AusPDC: Manish Parashar
Title: Moving From Data to Insights - Addressing Data Challenges in Simulation-based Science
9.00AM Thursday 2nd February, Storey Hall
Abstract: Data-related concerns are quickly dominating computational and data-enabled sciences, and are limiting the potential impact of end-to-end coupled application formulations enabled by current high-performance distributed computing environments. These data-intensive application workflows present significant data management, transport and processing challenges, involving dynamic coordination, interactions and data-coupling between multiple application process that run at scale on different high performance resources, and with services for monitoring, analysis and visualization and archiving. In this presentation I will explore the data grand challenges of simulation-based science application workflows and investigate how solutions based on managed data pipelines based on in-memory data-staging, in-situ placement and execution, and in-transit data processing can be used to address some of these data challenges at petascale and beyond.
CORE Teaching Award: Warwick Irwin
Title: It's all academic, anyway; reflections on teaching software engineering
1.30pm Tuesday 31st January, Storey Hall
Abstract: This talk describes innovations and experiments with teaching software engineering, salted with complaints about university teaching culture and formulaic teaching practices. Experiences with a collaborative, student-led alternative to traditional lectures are discussed, along with assessment approaches that provide more valuable feedback and better learning opportunities.

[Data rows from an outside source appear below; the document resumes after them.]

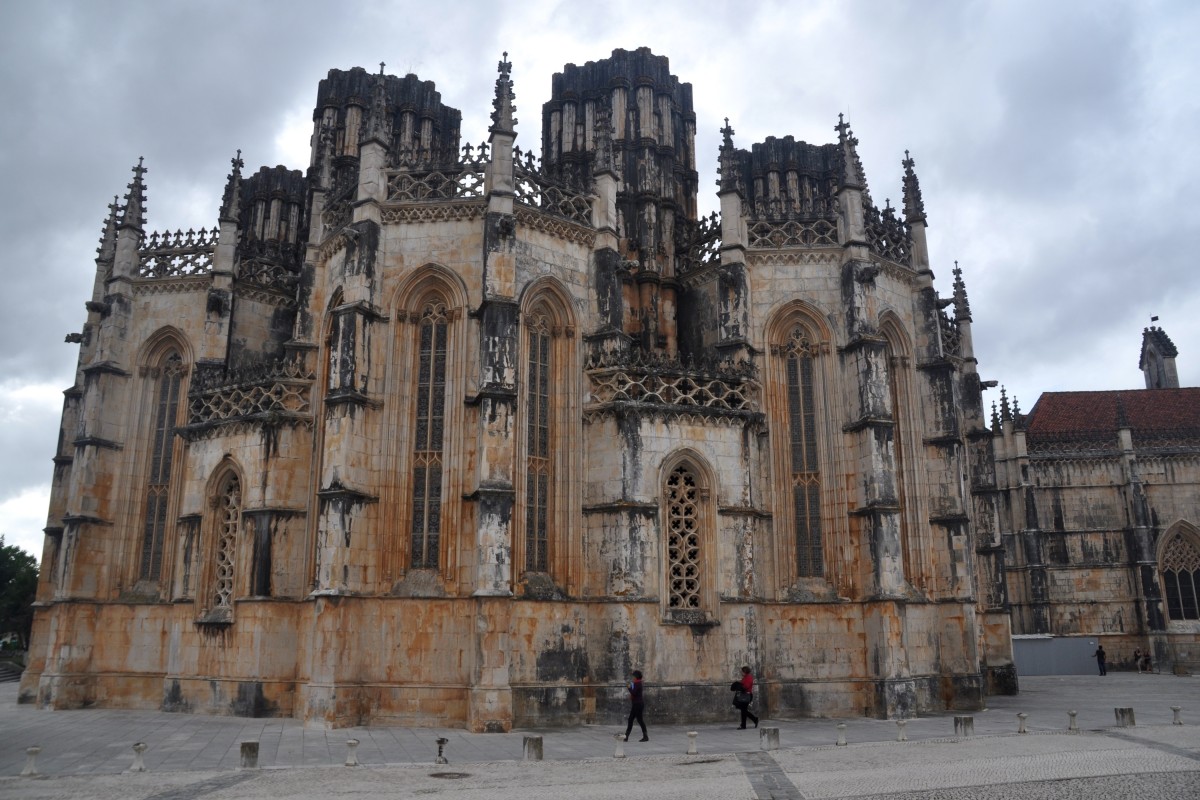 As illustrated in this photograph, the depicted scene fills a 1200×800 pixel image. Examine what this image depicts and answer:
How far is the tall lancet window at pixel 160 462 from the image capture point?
28750 mm

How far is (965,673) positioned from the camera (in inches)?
1066

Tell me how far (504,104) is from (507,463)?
10.1 meters

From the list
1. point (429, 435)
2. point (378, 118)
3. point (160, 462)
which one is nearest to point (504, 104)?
point (378, 118)

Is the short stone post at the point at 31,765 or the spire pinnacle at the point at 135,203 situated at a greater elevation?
the spire pinnacle at the point at 135,203

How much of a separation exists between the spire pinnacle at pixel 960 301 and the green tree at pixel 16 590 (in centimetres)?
4981

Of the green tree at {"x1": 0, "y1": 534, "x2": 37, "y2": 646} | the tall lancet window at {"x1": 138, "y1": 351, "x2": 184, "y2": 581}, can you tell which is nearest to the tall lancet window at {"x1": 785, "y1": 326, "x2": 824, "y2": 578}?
the tall lancet window at {"x1": 138, "y1": 351, "x2": 184, "y2": 581}

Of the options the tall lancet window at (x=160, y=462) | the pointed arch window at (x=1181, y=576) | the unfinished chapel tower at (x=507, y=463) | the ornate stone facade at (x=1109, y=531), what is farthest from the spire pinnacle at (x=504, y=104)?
the pointed arch window at (x=1181, y=576)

CORE PhD Award: Daniel Frampton
Title: Abstraction Without Guilt: High-level low-level programming
1.30pm Wednesday, 1st February, Storey Hall
Abstract: High-level languages come with the promise of increased productivity, reliability and security. However, implementations of these languages typically build on the shaky foundation of low-level languages, undermining their promise of security and reliability benefits. In this talk I show that there is a better way--high-level low-level programming--and that this technique will become increasingly important for future programming language implementations.